### Brief:
Give again exactly the lines that stretch from the one with "8330 N Bank" to the end of the data below, including both of those lines and nothing else.

### Extracted material:
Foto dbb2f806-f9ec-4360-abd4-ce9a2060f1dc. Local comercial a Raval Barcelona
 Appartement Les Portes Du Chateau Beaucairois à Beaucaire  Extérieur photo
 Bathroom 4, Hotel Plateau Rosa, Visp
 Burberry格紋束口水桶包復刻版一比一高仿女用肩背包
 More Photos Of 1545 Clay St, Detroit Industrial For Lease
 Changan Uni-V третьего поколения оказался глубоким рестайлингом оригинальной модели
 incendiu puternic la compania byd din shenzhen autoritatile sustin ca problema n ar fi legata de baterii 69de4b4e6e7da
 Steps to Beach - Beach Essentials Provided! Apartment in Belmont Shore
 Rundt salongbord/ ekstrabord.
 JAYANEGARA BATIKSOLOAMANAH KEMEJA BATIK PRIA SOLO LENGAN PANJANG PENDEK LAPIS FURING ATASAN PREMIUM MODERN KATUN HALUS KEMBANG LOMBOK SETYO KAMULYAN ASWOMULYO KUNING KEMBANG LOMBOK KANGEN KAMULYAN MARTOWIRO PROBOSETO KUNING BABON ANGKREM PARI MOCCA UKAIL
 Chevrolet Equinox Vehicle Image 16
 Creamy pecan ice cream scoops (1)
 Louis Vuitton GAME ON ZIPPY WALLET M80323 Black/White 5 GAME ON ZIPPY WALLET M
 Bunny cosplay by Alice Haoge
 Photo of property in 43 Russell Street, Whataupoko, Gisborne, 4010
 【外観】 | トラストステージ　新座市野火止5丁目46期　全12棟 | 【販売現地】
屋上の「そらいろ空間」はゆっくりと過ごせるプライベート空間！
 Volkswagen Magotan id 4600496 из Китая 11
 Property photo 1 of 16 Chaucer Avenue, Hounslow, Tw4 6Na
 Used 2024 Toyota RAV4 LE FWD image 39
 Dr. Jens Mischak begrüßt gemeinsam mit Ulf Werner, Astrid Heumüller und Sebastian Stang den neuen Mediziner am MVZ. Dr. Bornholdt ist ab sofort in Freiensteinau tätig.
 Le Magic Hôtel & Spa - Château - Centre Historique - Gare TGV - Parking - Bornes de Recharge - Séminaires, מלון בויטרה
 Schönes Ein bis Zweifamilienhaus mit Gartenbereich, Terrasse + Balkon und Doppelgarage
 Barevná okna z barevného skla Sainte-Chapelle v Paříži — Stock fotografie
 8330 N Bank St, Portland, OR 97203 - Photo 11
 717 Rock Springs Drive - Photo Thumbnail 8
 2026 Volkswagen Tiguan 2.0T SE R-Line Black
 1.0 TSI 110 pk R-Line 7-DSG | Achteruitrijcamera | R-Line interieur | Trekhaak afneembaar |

### Solution to this problem:
 8330 N Bank St, Portland, OR 97203 - Photo 11
 717 Rock Springs Drive - Photo Thumbnail 8
 2026 Volkswagen Tiguan 2.0T SE R-Line Black
 1.0 TSI 110 pk R-Line 7-DSG | Achteruitrijcamera | R-Line interieur | Trekhaak afneembaar |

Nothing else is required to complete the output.